In an interview published earlier this year in book magazine Da Vinci, the mangaka commented that nowadays she mostly writes manga in the first half of the month and spends the latter half building up Higashimura Production, a talent agency representing several comedians and actors. To promote the performers, she co-hosts a podcast, writes skit scripts for the company’s manga-themed live events, and stands on stage. In the past few months, Higashimura also debuted as a talk show co-host on an Internet TV channel and made an appearance on a TV commercial.
Of all the roles she plays, however, Higashimura first and foremost identifies herself as a shoujo mangaka, and with the recent conclusion of both Tokyo Tarareba Girls and Princess Jellyfish, I wonder what stories she will bring us next. After Himoxile, I am slightly cautious, but remain mostly hopeful for her future works because she is after all a proud mangaka who believes the art form to be the most entertaining and powerful on earth. As a fellow manga fan, I can’t help but root for her.

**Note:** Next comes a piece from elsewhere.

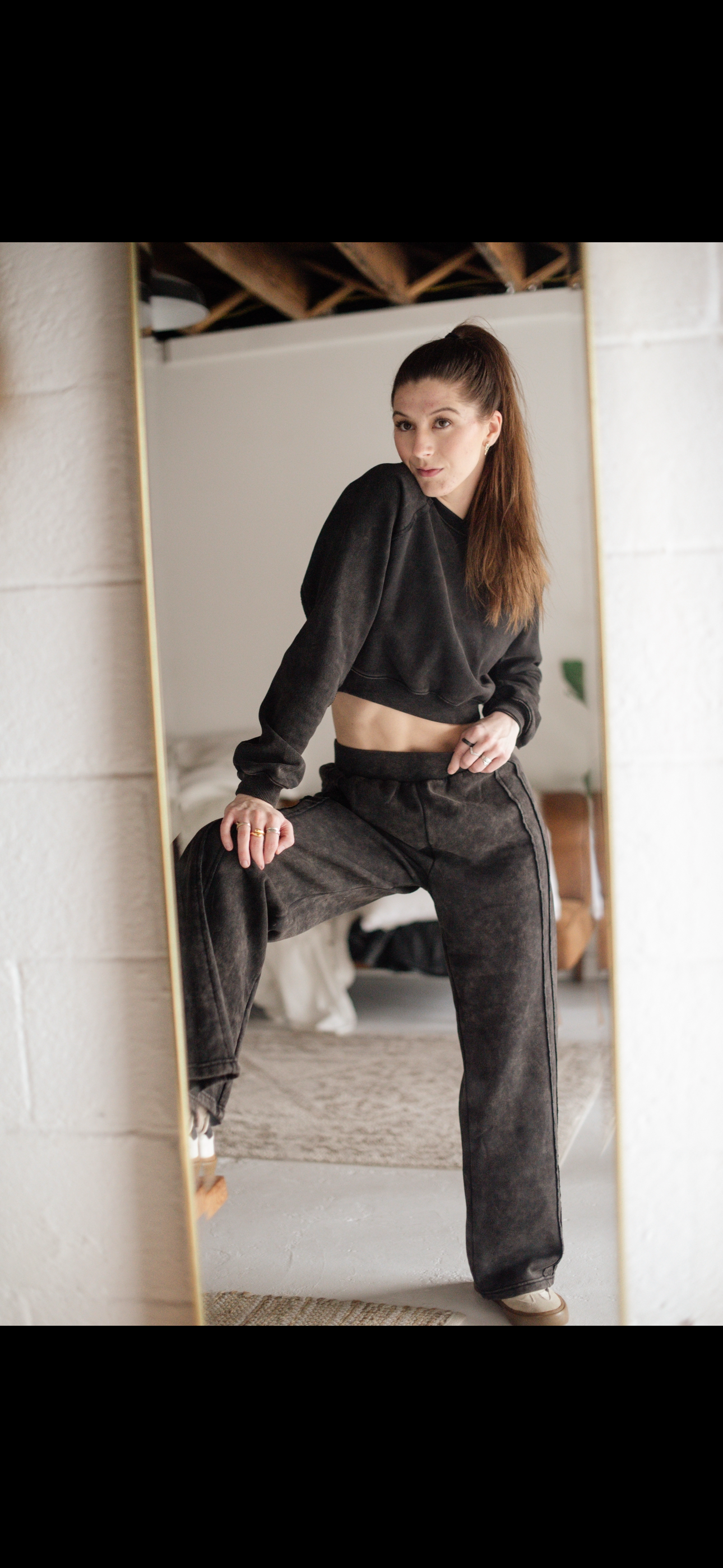 Effortlessly Easy Washed Exposed Seam Sweat Set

Higashimura Akiko is currently writing two fictional manga series: Yukibana no Tora (Snow-Flower Tiger), an intriguing historical fiction—especially for feminist fans—based on a popular myth that a feudal warlord Kenshin Uesugi was actually a woman; and Bishoku Tantei Akechi Goro (Gourmet Detective Goro Akechi), a crime mystery in which a killer who calls herself “Mary Magdalene” challenges a gourmet detective with food-related murders.
If you’re interested in Higashimura’s unlicensed titles mentioned in this article, I recommend sending your request to localization companies.